Maybe it's a clash in style, a cultural gap or just a rough landing. Whatever the reason, it doesn't explain the fact that Lotte Group's heir apparent and retail whiz Shin Dong-bin's $200 million Moscow mall is not nearly the ``shopping central'' it claimed to be when it opened in the Russian capital last September.

Four months into operations and the retail giant's first-ever overseas establishment suffered a 7 billion won loss by January. Since then, foot traffic has remained slow, and sales continue to sink below target. But what's worse is that the seven-story, 23,130 square meters atrium seems to be fundamentally jarring with locals.

``Maybe Russian shoppers aren't getting what they want,'' said an official of a Korean bed manufacturer, one of the original 26 homegrown brands that opened for business in Lotte's Moscow chain. This number recently dropped to 21, however, as some companies refused to take further financial losses.

An unnamed official of Bean Pole, a local clothing brand housed there, said, ``The past couple of months have been tough and sales are disappointing,'' but implied that he believed Lotte had a solid plan to help business pick up.

But the country's No. 1 department store operator ― which recently revised down its annual sales target for the Moscow outlet from $140 million to $120 million ― seems to think differently of Lotte Vice Chairman Shin's pet project.

``We did thorough market research and we're planning to keep consistent with our `Korean-style' shopping center scheme,'' said Lim Hyung-wok, a Lotte spokesman, who added that this agenda is at the core of the company's expansion.

The emphasis is understandable, however, considering the amount of time and effort Shin put into the project that dates back more than 10 years. His father Shin Kyuk-ho, Lotte Group founder and chairman, first planted the seeds of the Russian business, but most of the detailed work was handed to his son.

Critics familiar with the Moscow operation, however, say this forceful strategy is what's fueling the problem.

A merchandiser for one of the tenant businesses in Lotte explained that Russian shoppers are traditionally used to fancy buildings and a laid back atmosphere, so they don't feel comfortable in Lotte's ``extremely simple structure, in which they are constantly followed by excessively polite sales staff.''

Even the head of Lotte Russia admitted that this cultural difference was tough to overcome. ``It took months to train Russian sales staff to bow their heads to customers,'' said Kim Sun-kwang in a recent media interview.

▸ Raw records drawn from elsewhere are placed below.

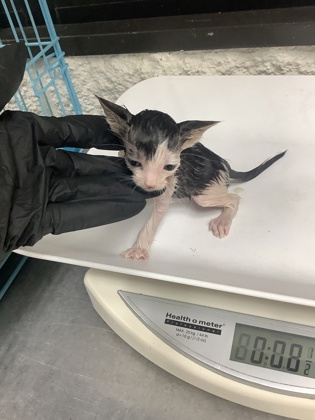 Shelter Stray Male Cat last seen Near W Seminary Dr, South District, TX, 355 Hillshire Dr, Haslet, TX 76052, USA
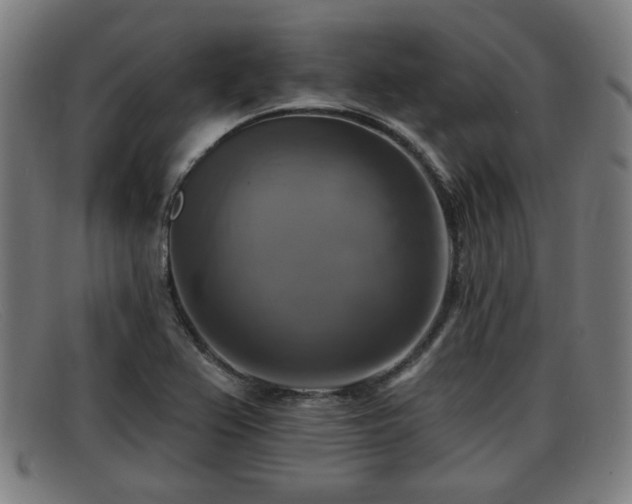 X0000091851367200709121302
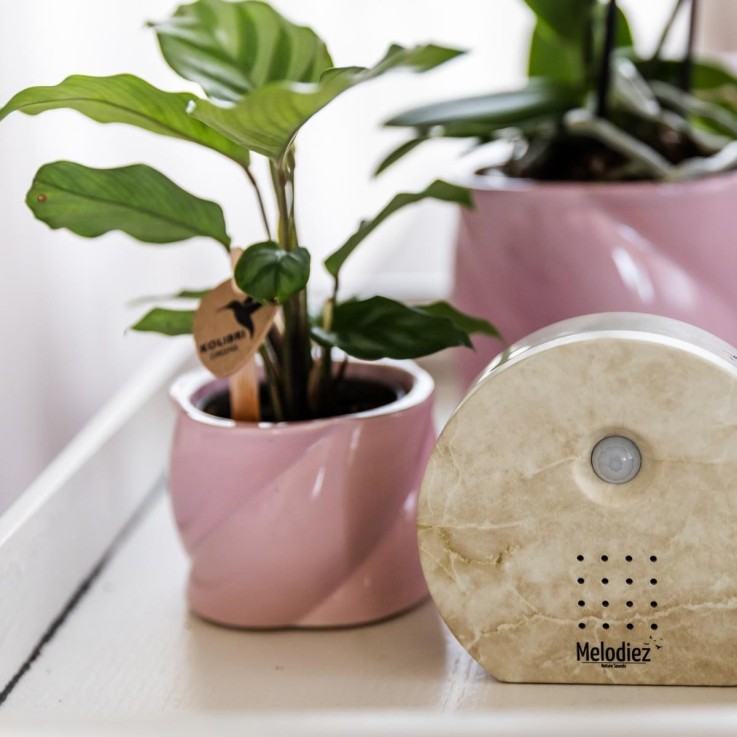 Boîte Mélodieuse - Son Naturel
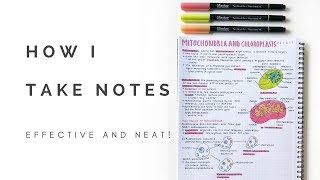 How I take notes neat and effective  studytee [upl. by Eedia913]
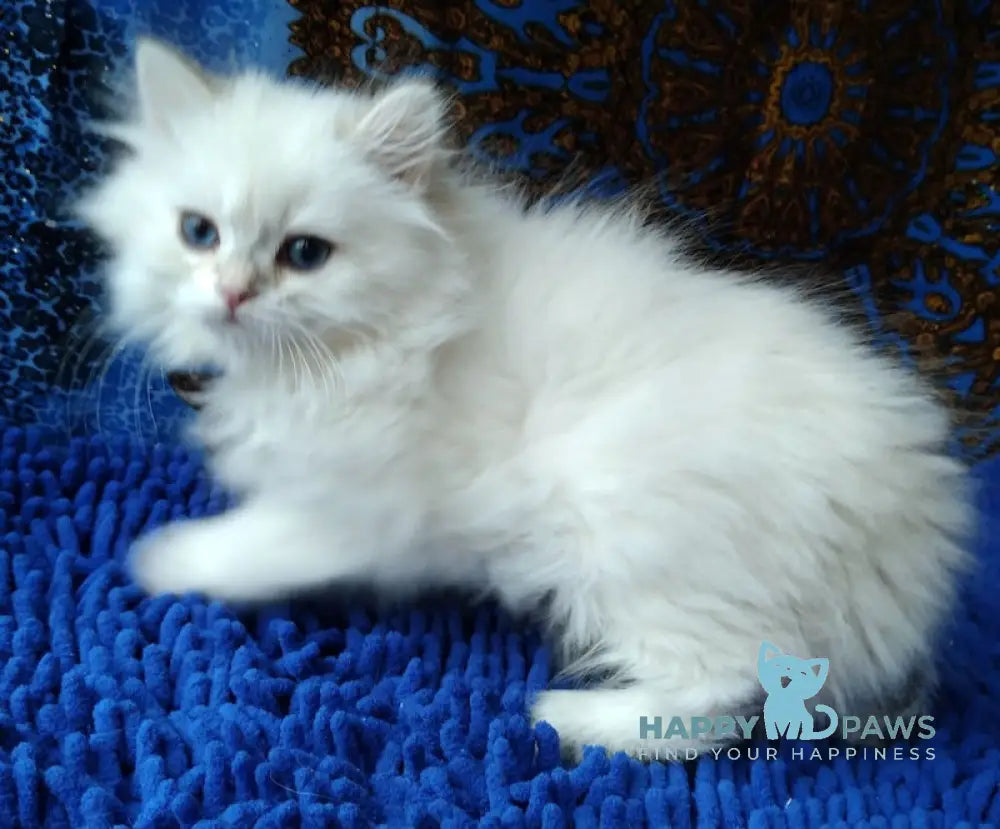 Marsel British Longhair Male Black Golden Chinchilla Pointed Live Animals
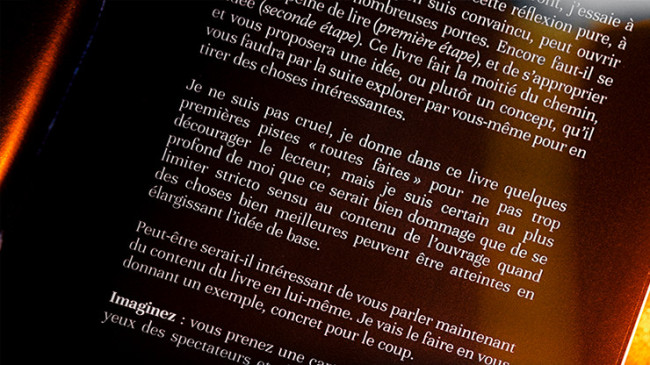 Subtle Secrets 1 by Thibault Ternon - Buch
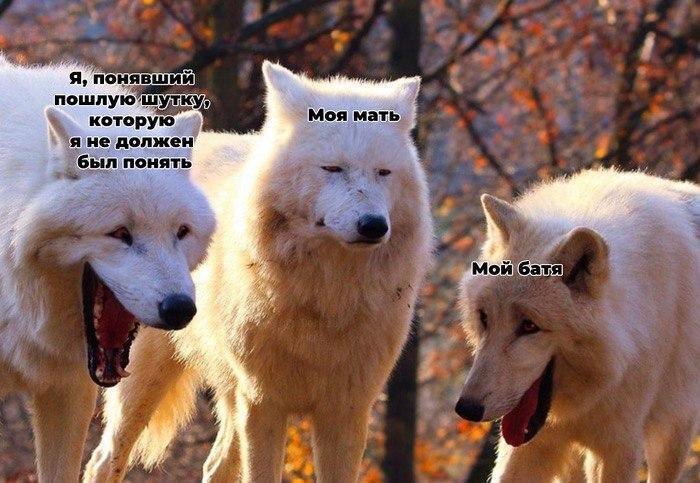 Все еще какой-то удивительностью в башке сидит, что в природе у волков нет стаи и пресловутого альфача.
Это семья, где есть мама и папа, а остальные — их дети.
Иерархия появляется только в неволе.
Причем, это открытие сделал тот же исследователь волков, который ввел понятие альфы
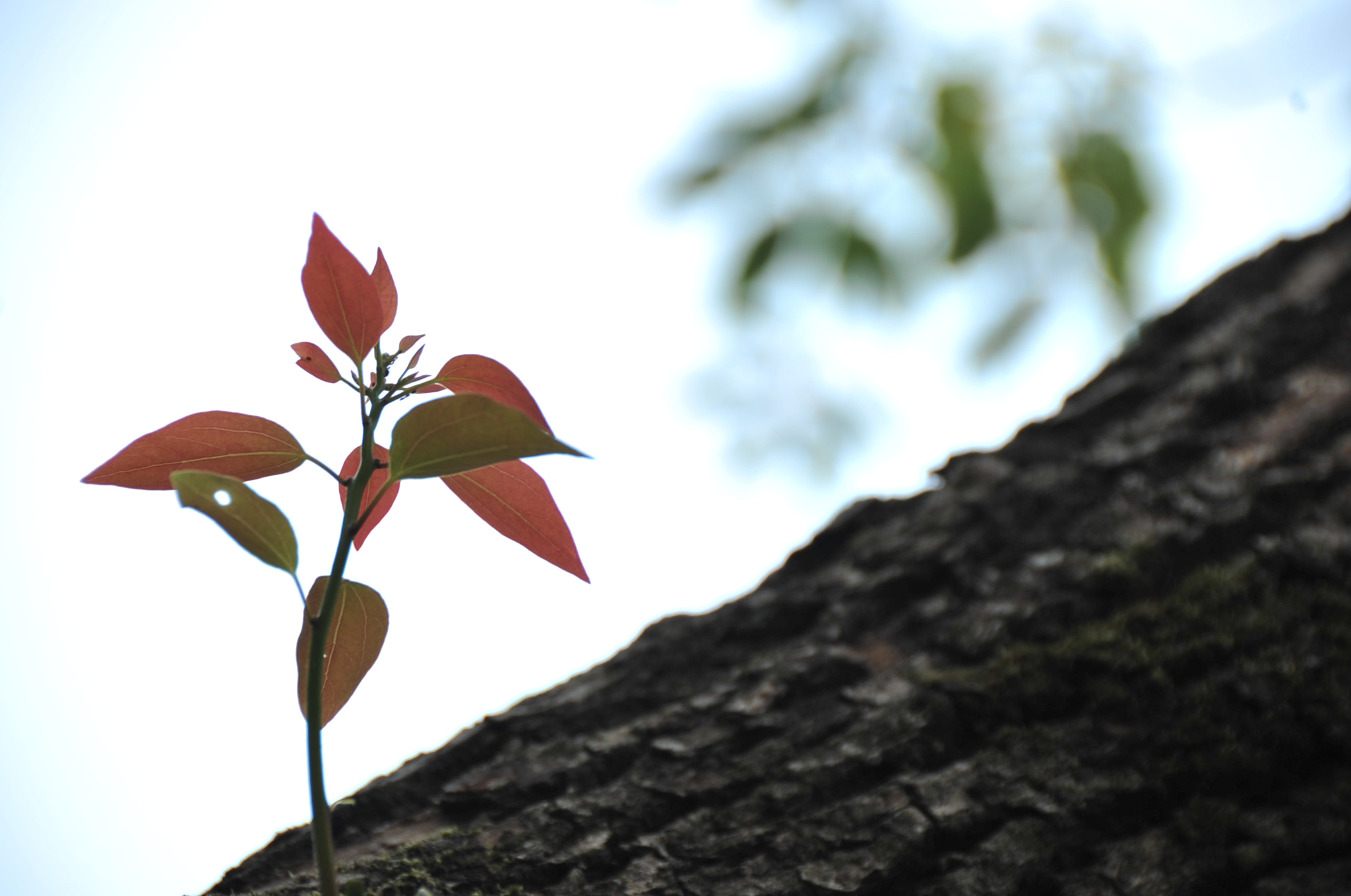 Nikon D3S + Nikon AF-S DX Nikkor 18-200mm F3.5-5.6G ED VR II sample photo. .. photography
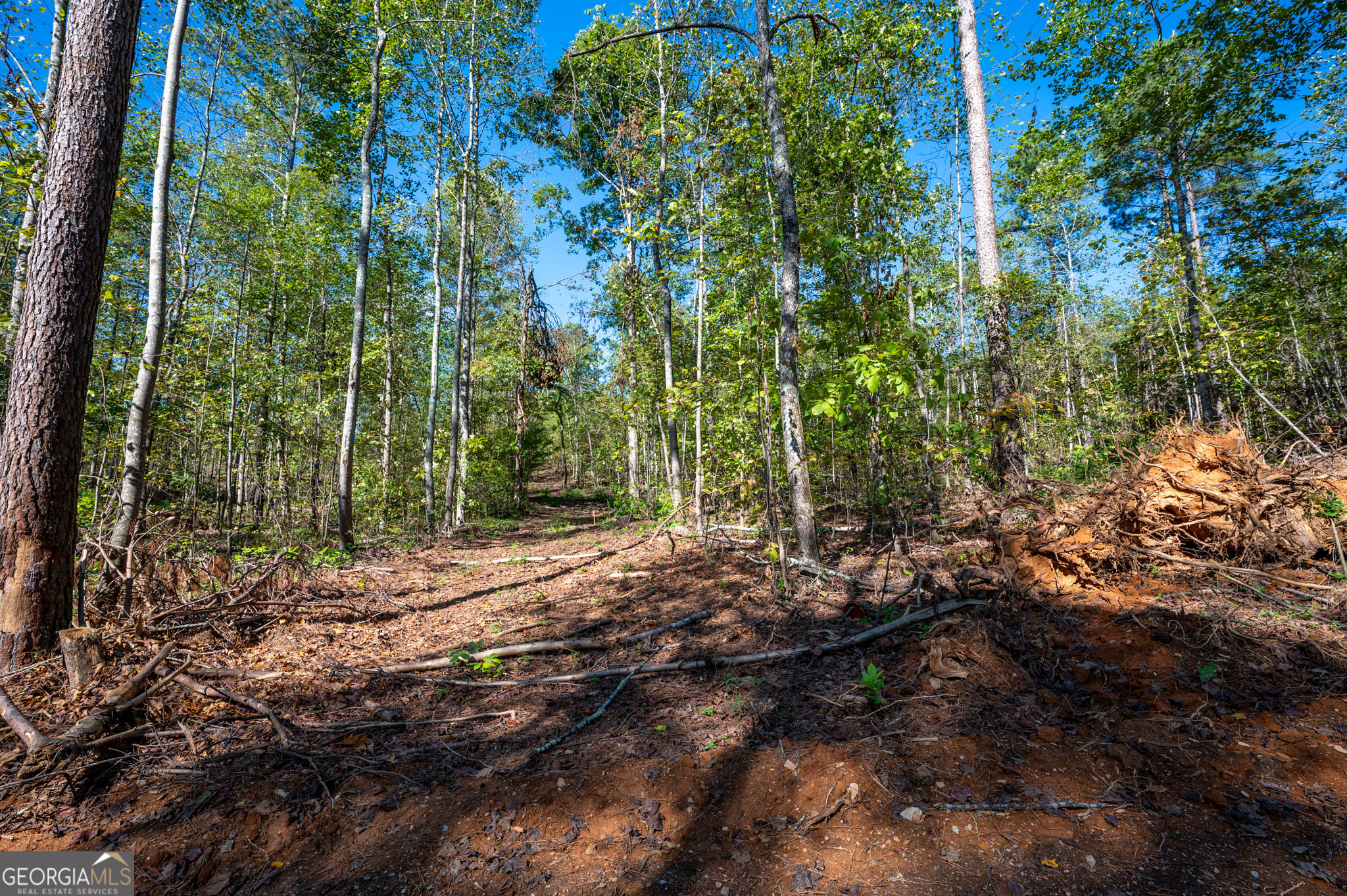 3793 Highway 140 NE Rydal GA 30171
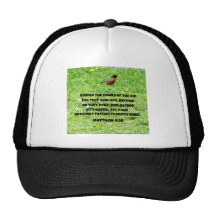 Matthew 6:26 mesh hats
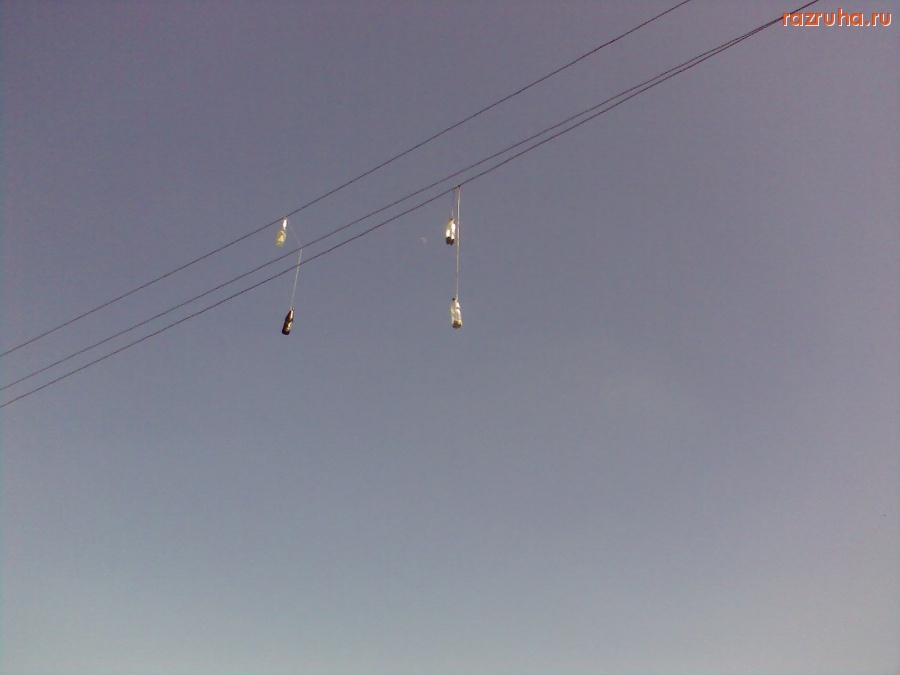 Смешное - Висит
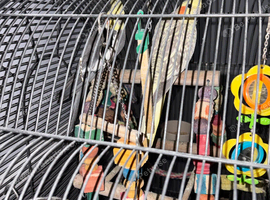 2 female cockatiels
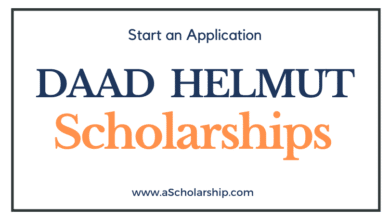 DAAD Helmut Scholarships 2023-2024 for International Students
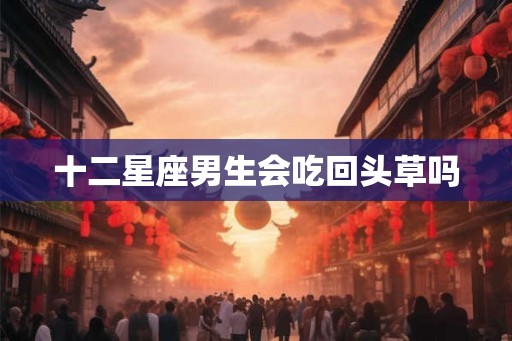 十二星座男生会吃回头草吗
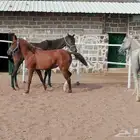 افراس للبيع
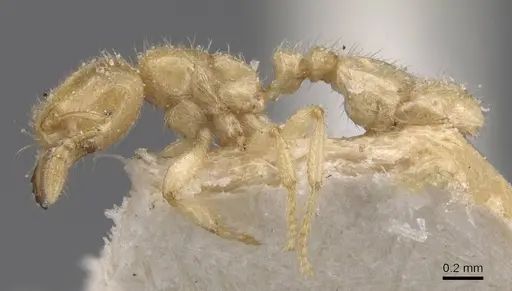 Tranopelta gilva specimen CASENT0913105 image casent0913105_3
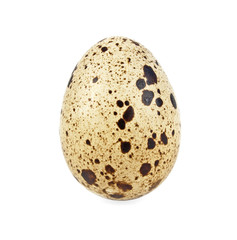 Quail egg on a white background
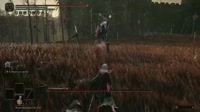 1.mp4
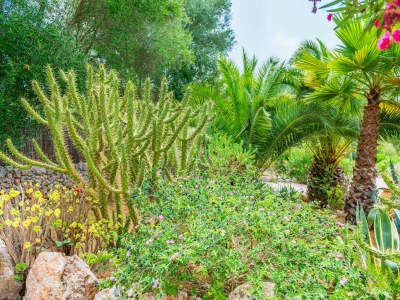 Holiday house Can Pina - Eco Pina - Outdoor photo 30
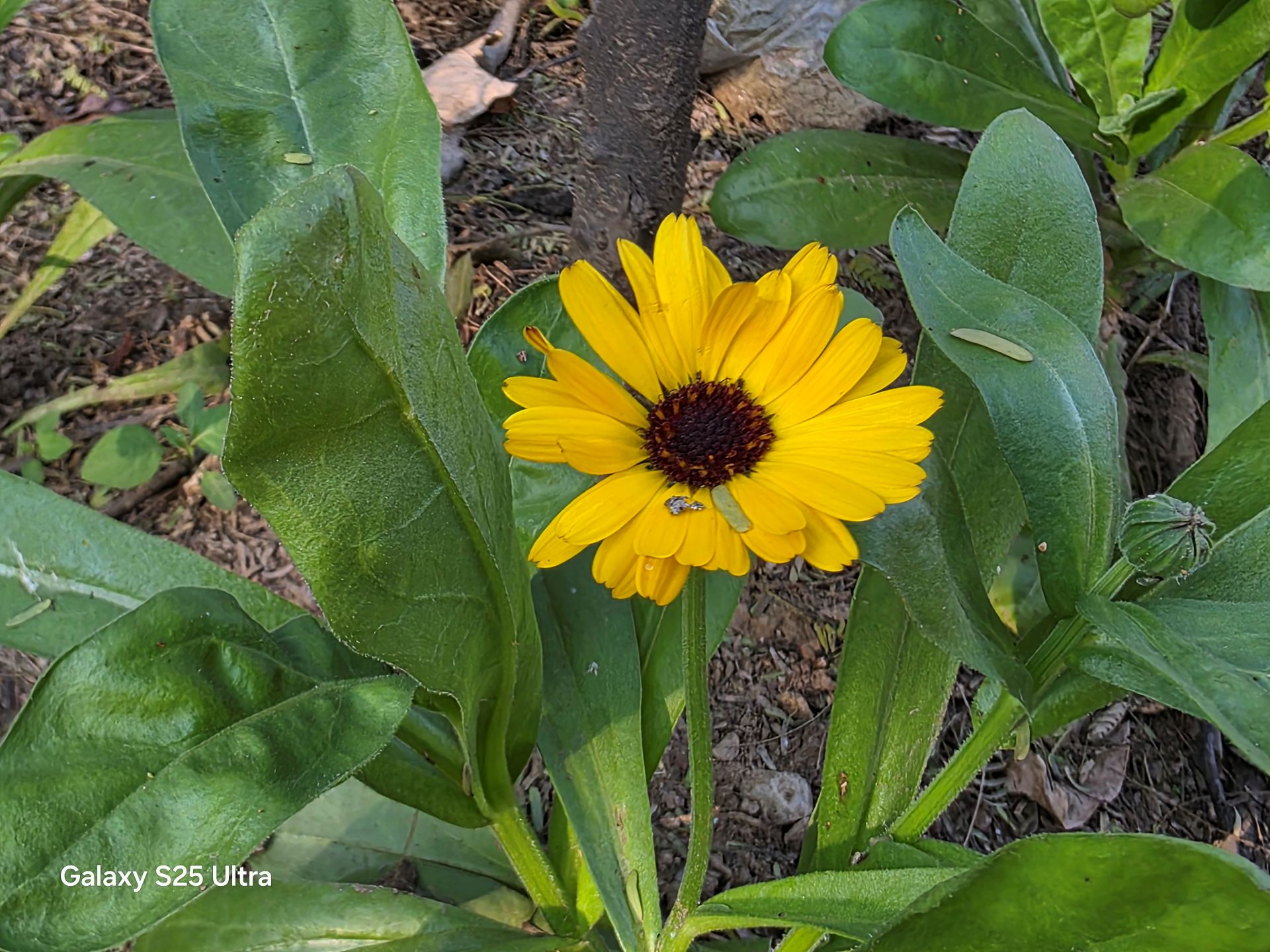 Samsung Galaxy S25 Ultra Review: A Masterclass in Smartphone AI Innovation 9 Samsung Galaxy S25 Ultra Review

Small shops, an underground parking lot and less emphasis on luxury brands compared to high-end retailers there are among other factors repelling local shoppers.

Discounting the issues, however, Lotte says the same ideas will be implemented in its future global expansion projects. The first of them is a Beijing department store set to open later this month.

Thereafter, it plans to roll out more chains in China, Vietnam and India to ultimately become a top 10 player in the global department store market by 2010.

An excited Shin said at the opening press conference of the Moscow outlet last September, ``We will consistently raise the proportion of revenue that comes from international operations in the coming years.''

This is a similar strategy taken earlier by Lotte's main rival Shinsegae, which recently kicked off its 12th hypermarket outlet in China.

Market analysts say Lotte's initial slip was expected, but its needs a speedy comeback in order to catch up with Shinsegae.

Lotte Shopping's annual revenue in 2007 stood at 10.085 trillion won, while that of Shinsegae reached 10.103 trillion won.

``Every business goes through a trial and error period, but if Lotte keeps up with its `my way' strategy, the outcome is foreseeable,'' said Yoo Bin-na, a consultant at a foreign commercial property developer.